Dari redaksi lain pengertian mutawatir adalah :
مـَا كَانَ عَنْ مَحْسُوْسٍ أَخْبَرَ بِهِ جَمــَاعَةً بَلـَغُوْا فِى
اْلكـَثْرَةِ مَبْلَغـًا تُحِيْلُ اْلعَادَةَ تَوَاطُؤُهُمْ عَلـَى اْلكـَـذِبِ
Hadits
yang berdasarkan pada panca indra (dilihar atau didengar) yang diberitakan oleh
segolongan orang yang mencapai jumlah banyak yang mustahil menurut tradisi
mereka sepakat berbohong.
Para
ahli berbeda pendapat mengenai jumlah minimal para perawi yang meriwayatkan hadis
mutawatir. Sebagian ulama menetapkan jumlah 20 perawi, dan sebagian lagi
menetapkan 40 perawi pada setiap generasi. Namun demikian para ulama telah
sepakat bahwa hadis yang diriwayatkan secara mutawatir dapat meyakinkan
penerimanya bahwa hadisnya adalah benar-benar datang dari sumbernya, rasulullah
SAW. Inilah yang disebut sebagai Qathiyyah al-Wurud (قطعية الورود).
Ulama
mutaqaddimin berbeda pendapat dengan ulama muta’akhirin tentang syarat-syarat
hadits mutawatir.
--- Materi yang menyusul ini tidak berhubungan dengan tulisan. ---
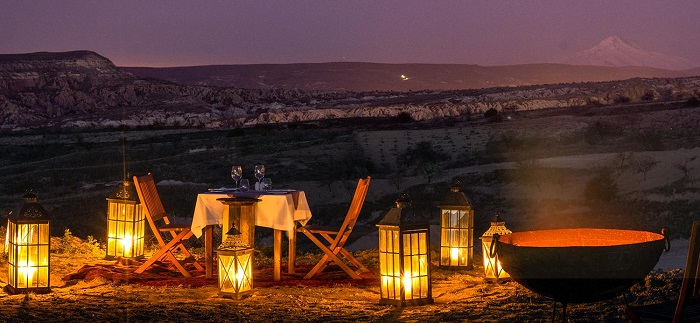 khách sạn Museum Cappadocia nhìn xuóng thung lũng tình yêu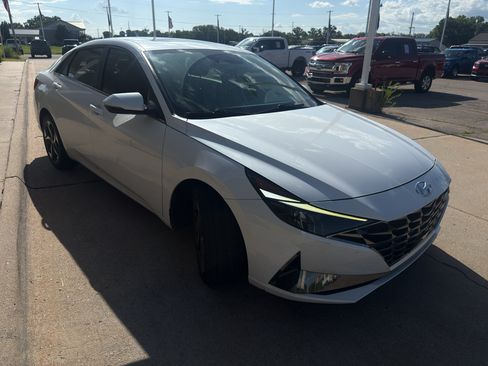Used 2023 Hyundai Elantra Limited w/ Cargo Package FWD image 7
Ulama mutaqaddimin berpendapat bahwa hadits mutawatir tidak
termasuk dalam pembahasan ilmu isnad al-hadits, karena ilmu ini membicarakan
tentang shahih tidaknya suatu khabar, diamalkan atau tidak, adil atau tidak
perawinya. Sementara dalam hadits mutawatir masalah tersebut tidak dibicarakan.
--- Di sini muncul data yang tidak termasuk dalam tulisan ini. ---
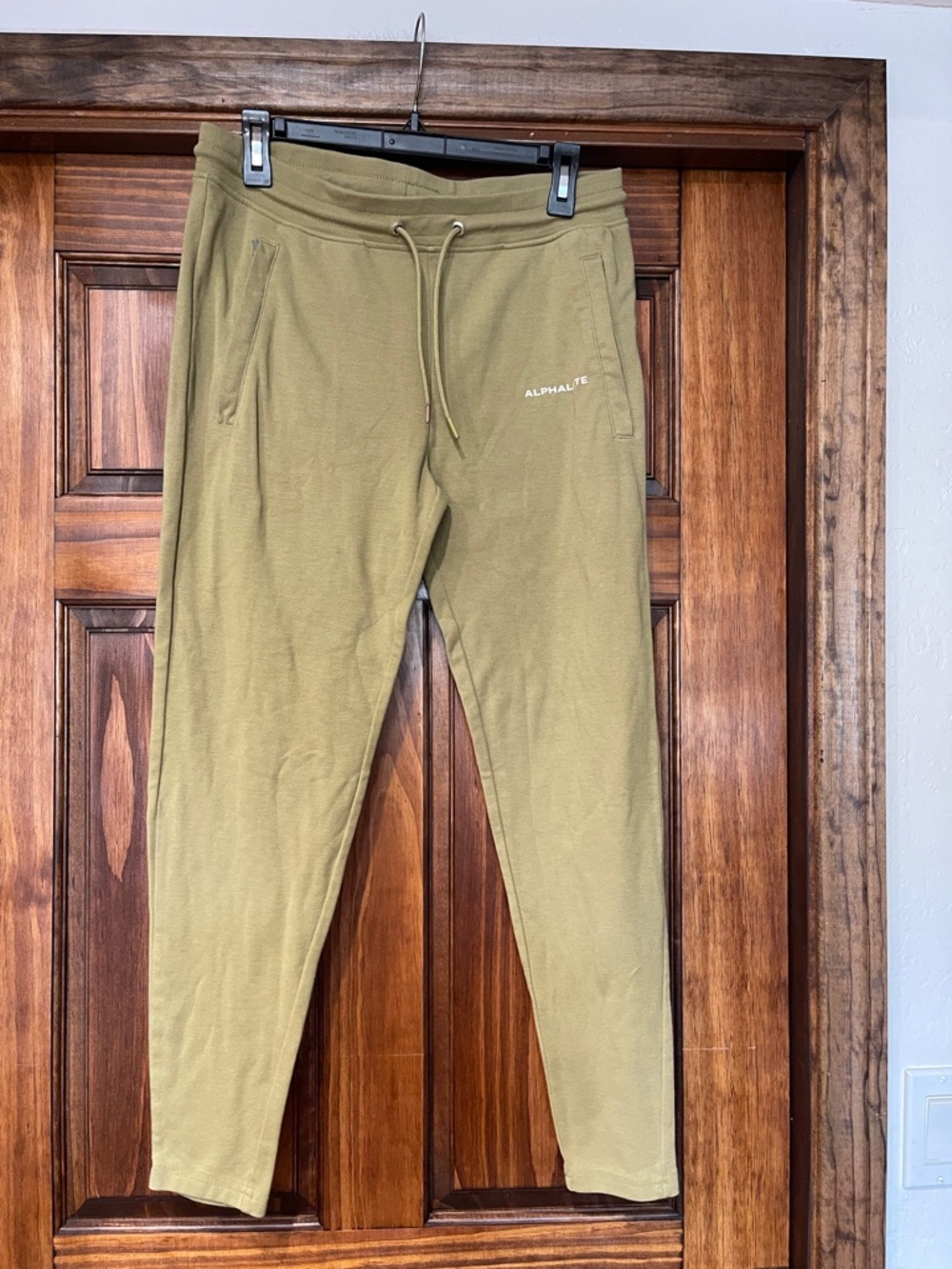 Alphalete Olive Drawstring Tapered Joggers M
Jika sudah jelas statusnya sebagai hadits mutawatir, maka wajib diyakini dan
diamalkan.
b. Syarat Hadits Mutawatir
1) Hadits
Mutawatir harus diriwayatkan oleh sejumlah besar perawi, dan dapat diyakini
bahwa mereka tidak mungkin sepakat untuk berdusta. Ulama berbeda pendapat
tentang jumlah minimal perawi. Al-Qadhi Al-Baqilani menetapkan bahwa jumlah
perawi hadits mutawatir sekurang-kurangnya 5 orang, alasannya karena jumlah
Nabi yang mendapat gelar Ulul Azmi sejumlah 5 orang. Al-Istikhari menetapkan
minimal 10 orang, karena 10 itu merupakan awal bilangan banyak. Demikian
seterusnya sampai ada yang menetapkan jumlah perawi hadits mutawatir sebanyak
70 orang.[2]
2) Adanya
keseimbangan antara perawi pada thabaqat pertama dan thabaqat berikutnya.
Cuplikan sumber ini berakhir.